The increase in U.S. petroleum production has made it profitable for oil companies to manufacture plastic pellets for export to countries like Brazil, where the pellets are converted into different products. As women make up a greater share of the the work force in emerging economies, they are demanding convenient plastic products such as baby food in plastic pouches for day care.
To meet the plastics demand, Dow Chemical and other companies are building new manufacturing plants on the Texas Gulf Coast, Matthews reports.
Matthews delves into the complex supply-demand structure. Part of the plastics equation is a gas by-product of fracking for shale oil. For years, the petroleum companies burned off this gas they considered waste, but now it's being preserved for the increasingly profitable plastics manufacturing. While gasoline is the main petroleum derivative, oil and natural gas is also the main component of plastics, used in products from chairs to disposable diapers.

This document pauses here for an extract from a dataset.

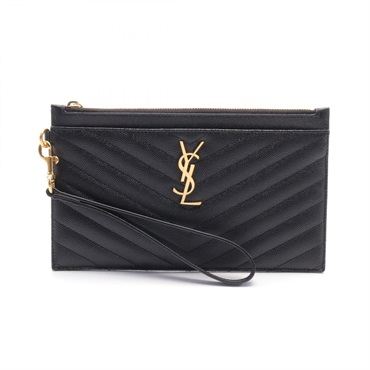 SAINT LAURENT business clutch bag 636313BOW011000 leather Black NEW mens GHW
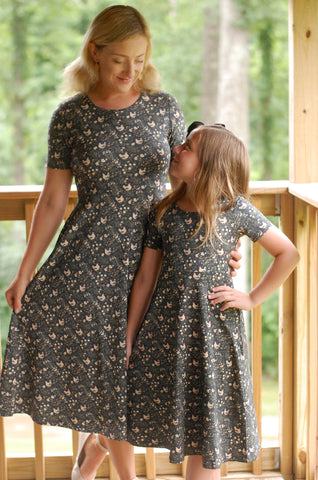 Cotton Chicken Print Twirl Dress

Congress recently passed legislation removing regulations on the burning of this waste gas, which adds to carbon emissions in the atmosphere. The legislation remains environmentally harmful, despite the decline in the burning of waste gas. Matthews explains that the plastics boom might not last, citing the volatility of the global economy. In the long run, regulation of the waste gas burning will be sorely needed.
The increase in plastic products is ominous for the world's future. As emerging economies move toward a middle class consumerist lifestyle, the consumption of resources will skyrocket, adding to environmental threats. Already, tons of plastic clog landfills and float upon the oceans. In 100 years, plastic could cover the oceans as they rise to inundate coastal cities. Imagine a plastic carpet bobbing upon seawater covering lower Manhattan.

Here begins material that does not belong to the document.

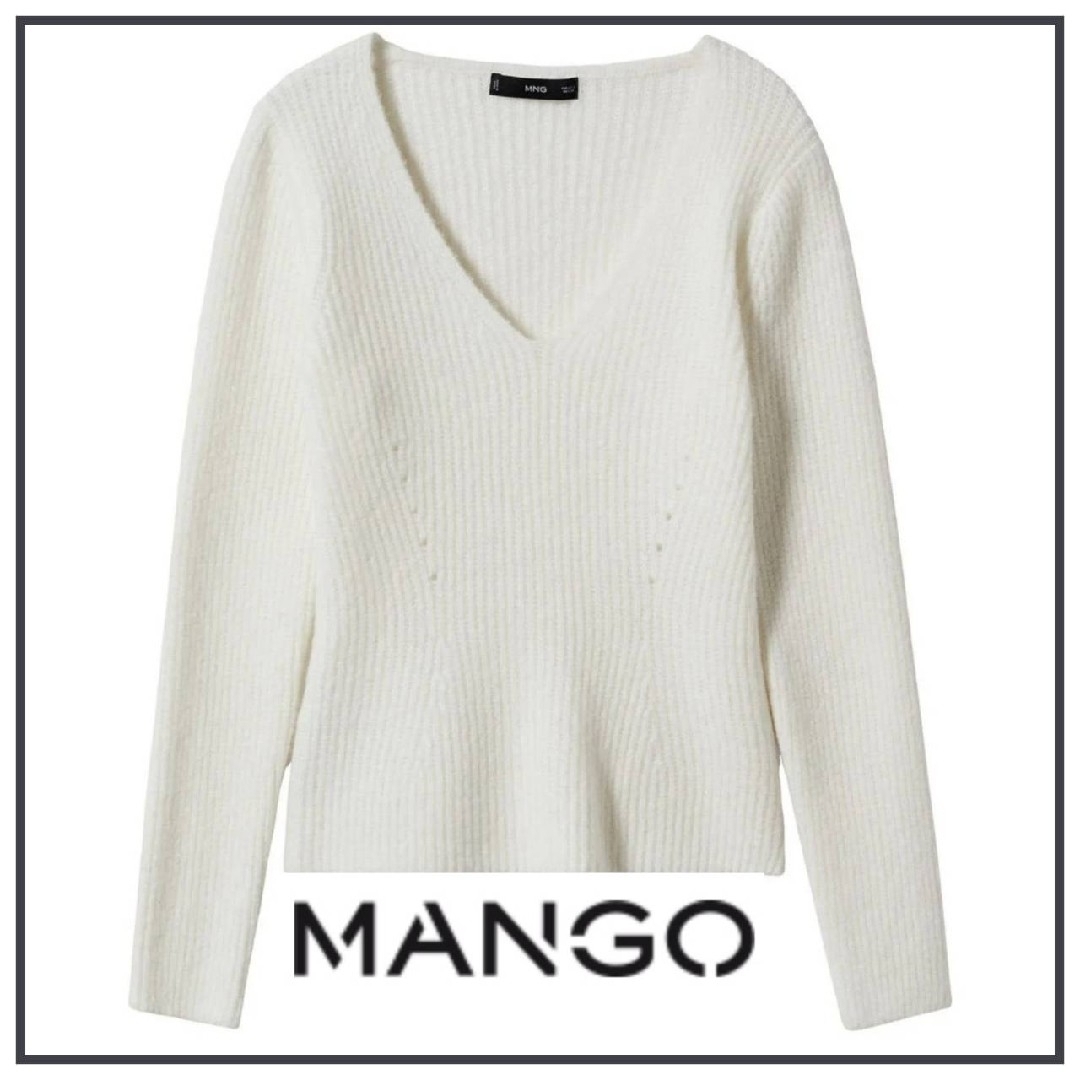 MANGO(マンゴ)の【美品】 MANGO＊Vネック ホワイトセーター サイズS＊マンゴ レディースのトップス(ニット/セーター)の商品写真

Along with the jump in plastics demand, former Third World countries are acquiring automobiles, especially burgeoning India and China, now the world's largest economy. Although China leads in developing electric cars, its roads are clogged with gasoline-powered cars.
Ford's recent announcement that it will move production of the Focus to China highlighted the communist country's leap in automobile use, leading to more emissions that cause global warming and climate change. A New York Times article buried in the Business Section recently reported the surprising news that China already outstrips Japan and the United States in auto production. I was also surprised to find that China now owns Volvo, once the standard barrier for dependable, safe cars popular among American Yuppies.
After Donald Trump pulled the United States out of the Paris climate agreement, China vowed to take the lead in cutting carbon emissions and limiting global warming. China is taking major steps to reduce dependence on coal and step up the use of solar and wind power. China's surge in automobile use will undermine these efforts.